A great example of restitution analysis is found in Tennessee v. Davis. Nashville’s Judge Mark Fishburn took a guilty plea from this defendant to the indicted charge of Vandalism Under $500. A hearing was held at a later date to determine the value of the loss and restitution. The victim testified that his vandalized car required $2,100 to fix. The defendant previously signed an agreement to pay back $1,800 and had already paid $1,000 before she entered a guilty plea. The Court found the value of the damages to be $1,800 and ordered the defendant to pay the outstanding $800.

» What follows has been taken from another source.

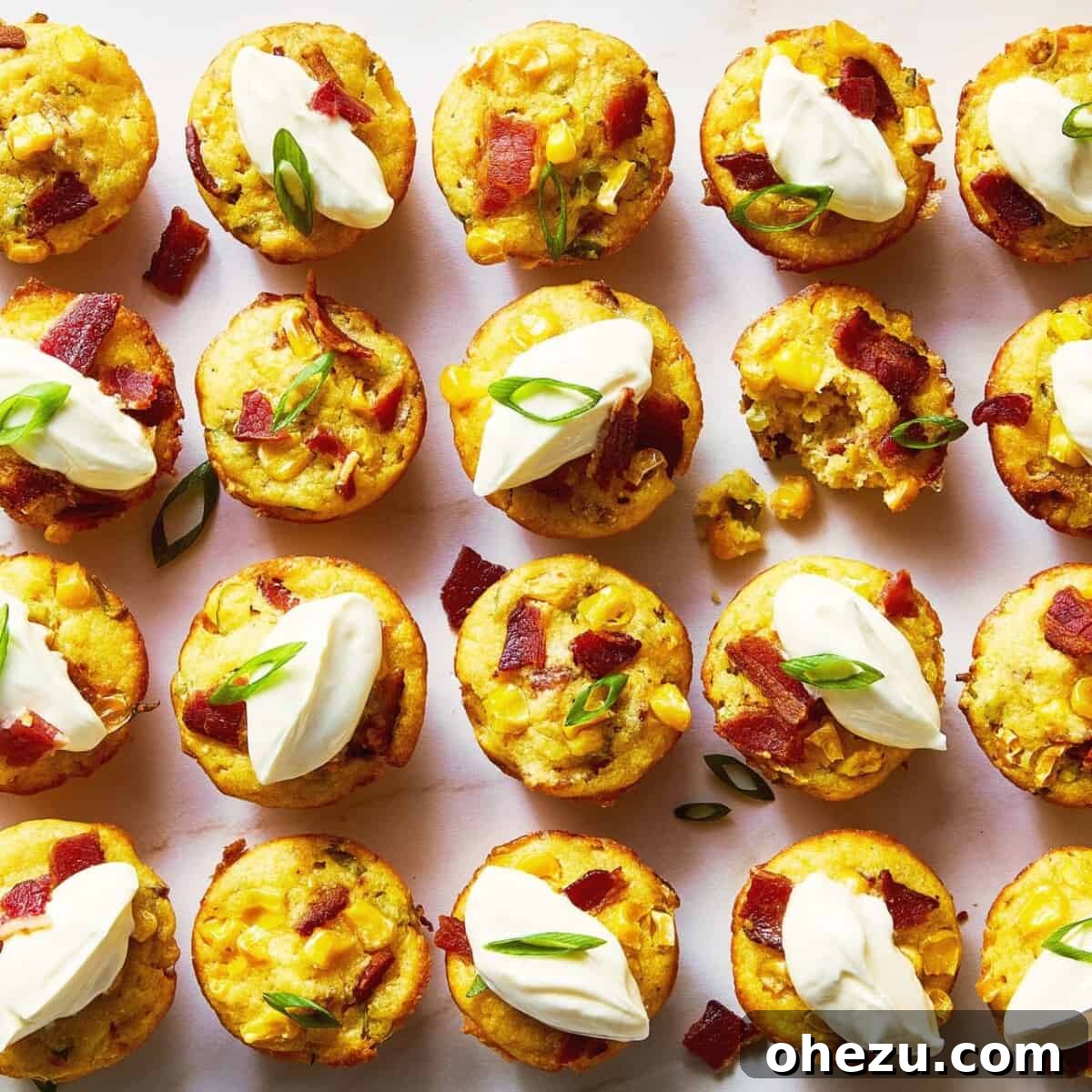 Mini loaded cheesy corn bites garnished with chives and bacon bits.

On appeal, the defendant argued: (1) that there was no documentation evidence of the value of loss; (2) there was no assessment of defendant’s ability to pay; and (3) the Court ordered her to pay restitution in an amount greater than the indicted charge (“under $500”). The Court began by saying that there is “no set formula” to determine restitution. It is a balance between the defendant’s ability to pay and the amount the victim lost.

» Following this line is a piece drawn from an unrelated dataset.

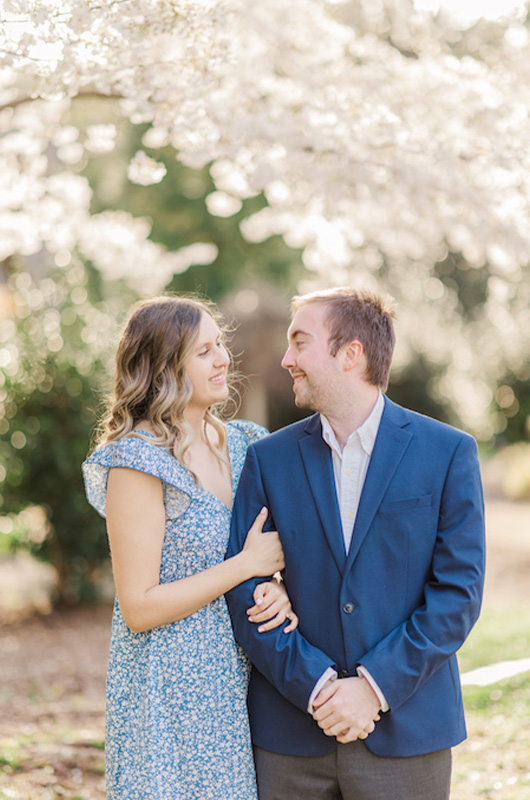 Kristin And Hunters Romantic Cherry Blossom Engagement Smiling At Each Other Copy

The Court denied each of the defendant’s arguments. First, no other evidence was necessary since the victim testified to the amount of the damages. The trial Court found the victim credible and noted the agreement to pay $1,800 by both the parties. Second, even though the defendant was found indigent and appointed an attorney, there was no evidence presented at the restitution hearing regarding the defendant’s ability to pay. That meant her finances could not be assessed at the hearing. Finally, the statute regarding restitution (T.C.A. § 40-35-304) does not prohibit an amount of restitution greater than the indicted charge. Therefore, the judge was free to order restitution greater than $500. The Court of Appeals ruled against the defendant, saying the restitution amount was properly addressed.

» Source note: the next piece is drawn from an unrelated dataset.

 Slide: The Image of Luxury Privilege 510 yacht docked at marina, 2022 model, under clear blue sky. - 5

By failing to present evidence at her restitution hearing of her ability to pay, this defendant did not put enough in front of the Court for the judge to consider a reduction in her restitution amount. When evidence is lacking, the Court must use what is on the record. Just because the defendant was declared indigent for purposes of being appointed an attorney, it did not waive the duty to present evidence as to her ability to pay at the hearing.